• [EXERCISE]: For the records below, output word for word the lines from the one with "2. MECHANIC (EXCAVATOR) (Kuching)." up to and including the one with "METRONOME 96 BPM". No pictures.

• [DATA FOR PROCESSING]:
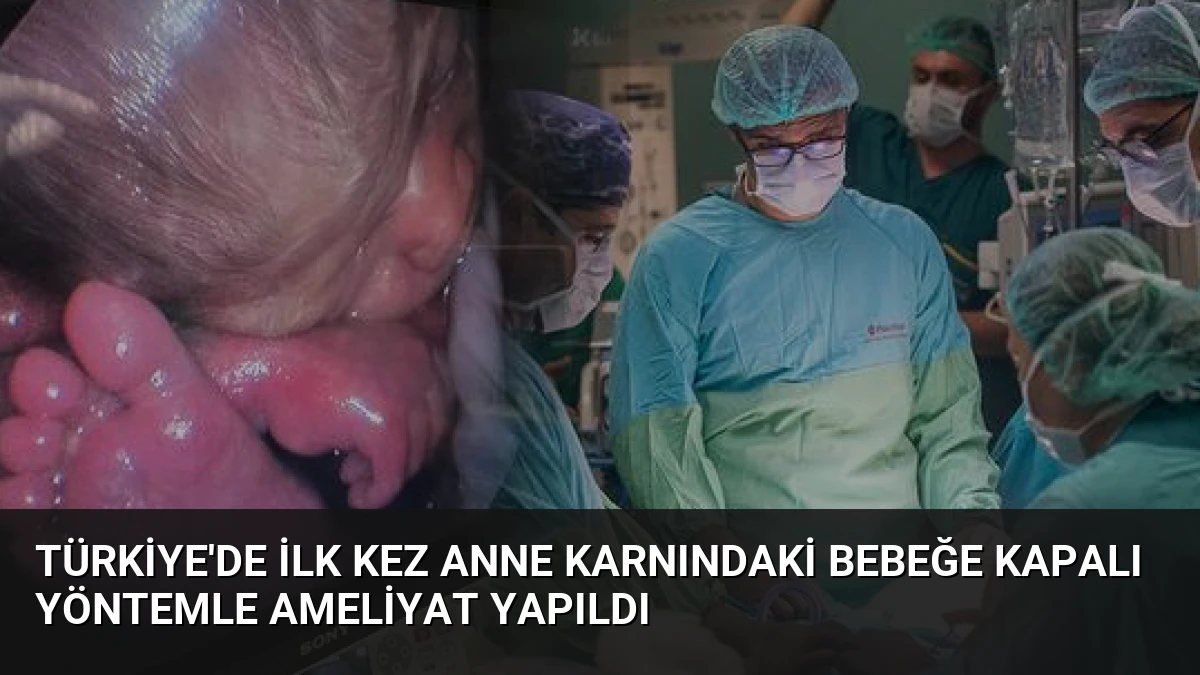 Türkiye’de İlk Kez Anne Karnındaki Bebeğe Kapalı Yöntemle Ameliyat Yapıldı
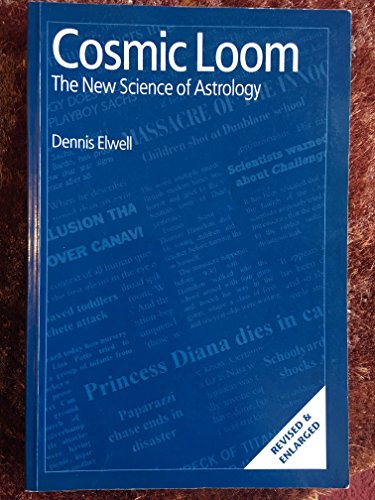 Beispielbild fr Cosmic Loom: The New Science of Astrology zum Verkauf von Half Moon Books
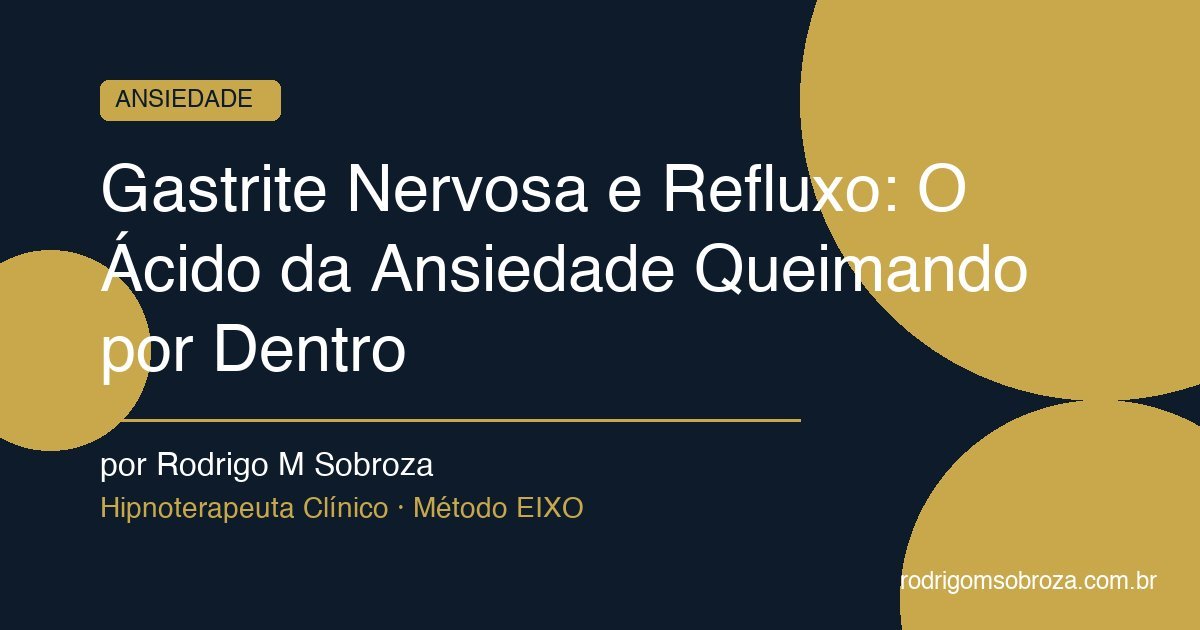 Gastrite Nervosa e Refluxo: O Ácido da Ansiedade Queimando por Dentro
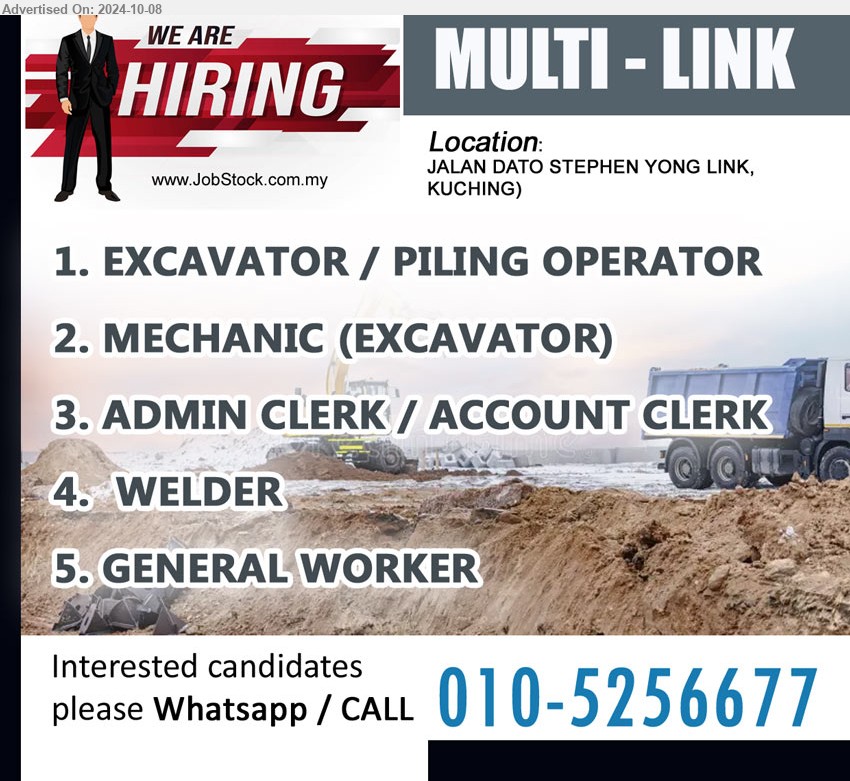 MULTI-LINK - 1. EXCAVATOR / PILING OPERATOR  (Kuching).
2. MECHANIC (EXCAVATOR) (Kuching).
3. ADMIN CLERK / ACCOUNT CLERK(Kuching).
4. WELDER(Kuching).
5. GENERAL WORKER (Kuching).
Whatsapp / CALL 010-5256677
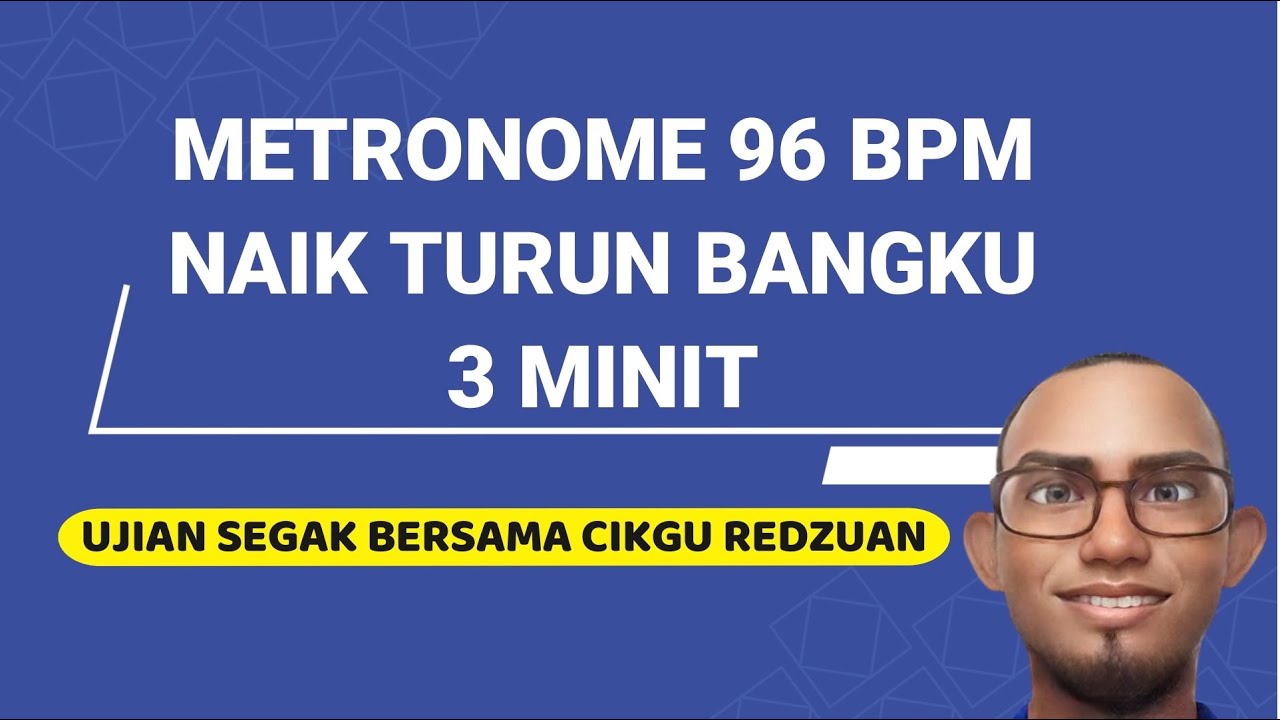 METRONOME 96 BPM | UJIAN SEGAK (NAIK TURUN BANGKU 3 MINIT)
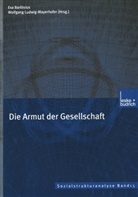 Ev Barlösius, Eva Barlösius, Ludwig-Mayerhofer, Ludwig-Mayerhofer, Wolfgang Ludwig-Mayerhofer - Die Armut der Gesellschaft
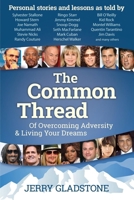 The Common Thread: Of Overcoming Adversity & Living Your Dreams 1630475270 Book Cover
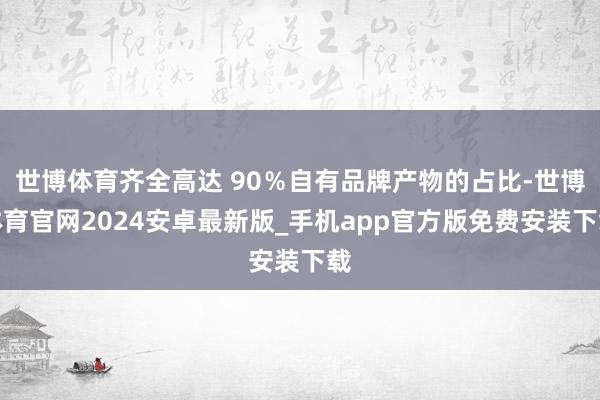 世博体育齐全高达 90%自有品牌产物的占比-世博体育官网2024安卓最新版_手机app官方版免费安装下载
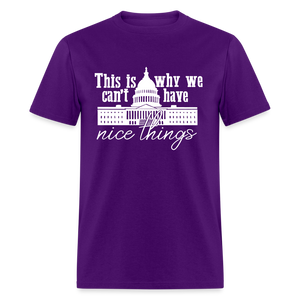 This Is Why We Can't Have Nice Things Classic T-Shirt - purple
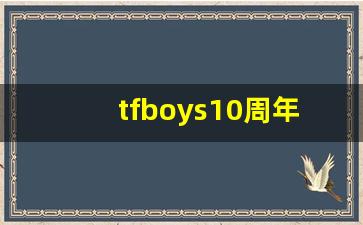 tfboys10周年演唱会_tfboys10周年图片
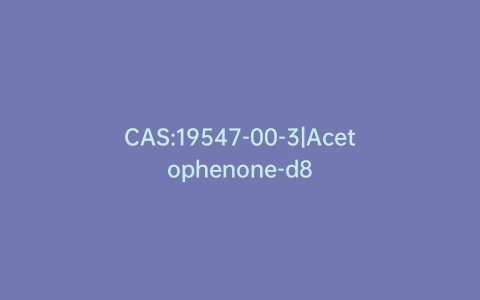 CAS:19547-00-3|Acetophenone-d8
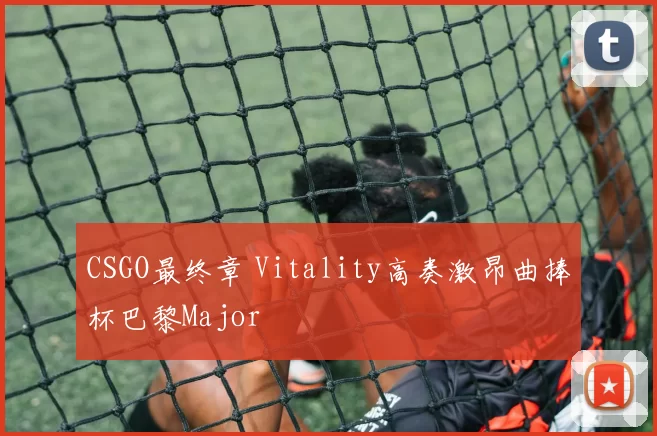CSGO最终章 Vitality高奏激昂曲捧杯巴黎Major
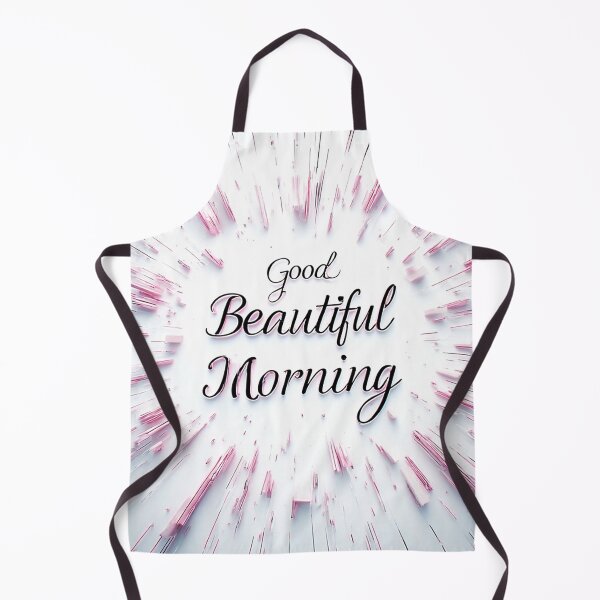 Item preview, Good beautiful morning designed and sold by Photozard.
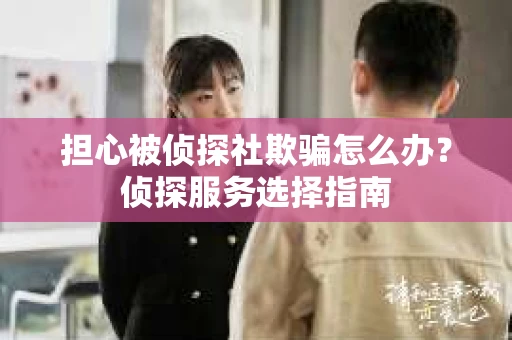 担心被侦探社欺骗怎么办？侦探服务选择指南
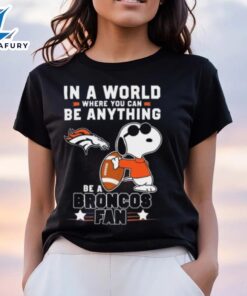 Snoopy 2024 In A World Where You Can Be Anything Be A Denver Broncos Fan T Shirt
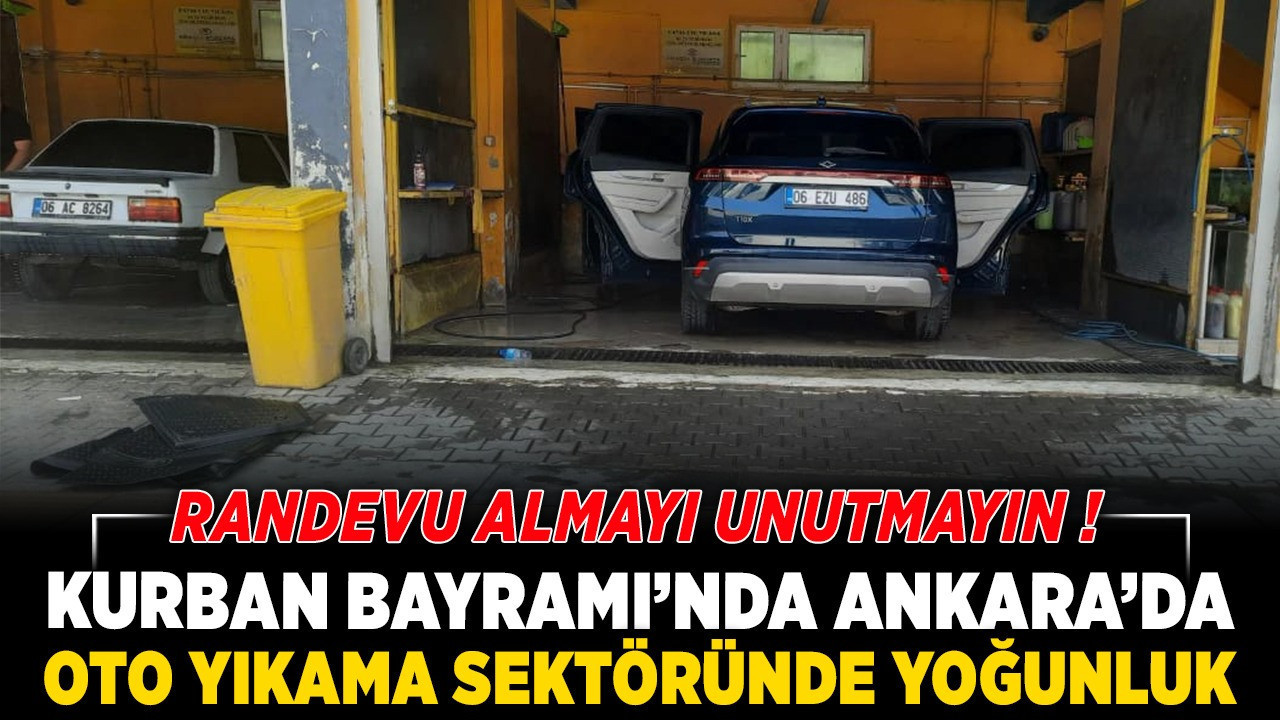 Kurban Bayramı’nda Ankara’da oto yıkama sektöründe yoğunluk! Randevu almayı unutmayın!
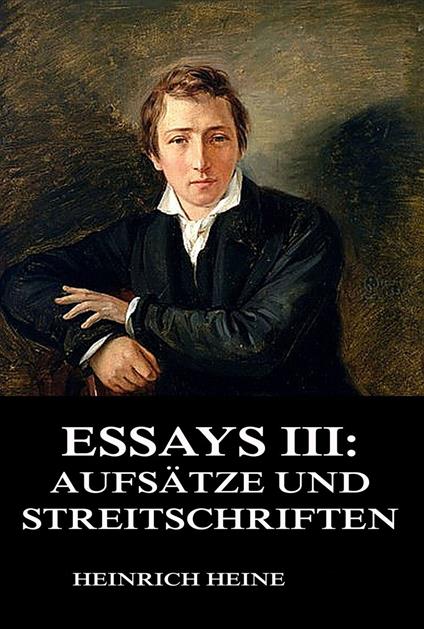 Essays III: Aufsätze und Streitschriften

• [TASK SOLUTION]:
2. MECHANIC (EXCAVATOR) (Kuching).
3. ADMIN CLERK / ACCOUNT CLERK(Kuching).
4. WELDER(Kuching).
5. GENERAL WORKER (Kuching).
Whatsapp / CALL 010-5256677
 METRONOME 96 BPM | UJIAN SEGAK (NAIK TURUN BANGKU 3 MINIT)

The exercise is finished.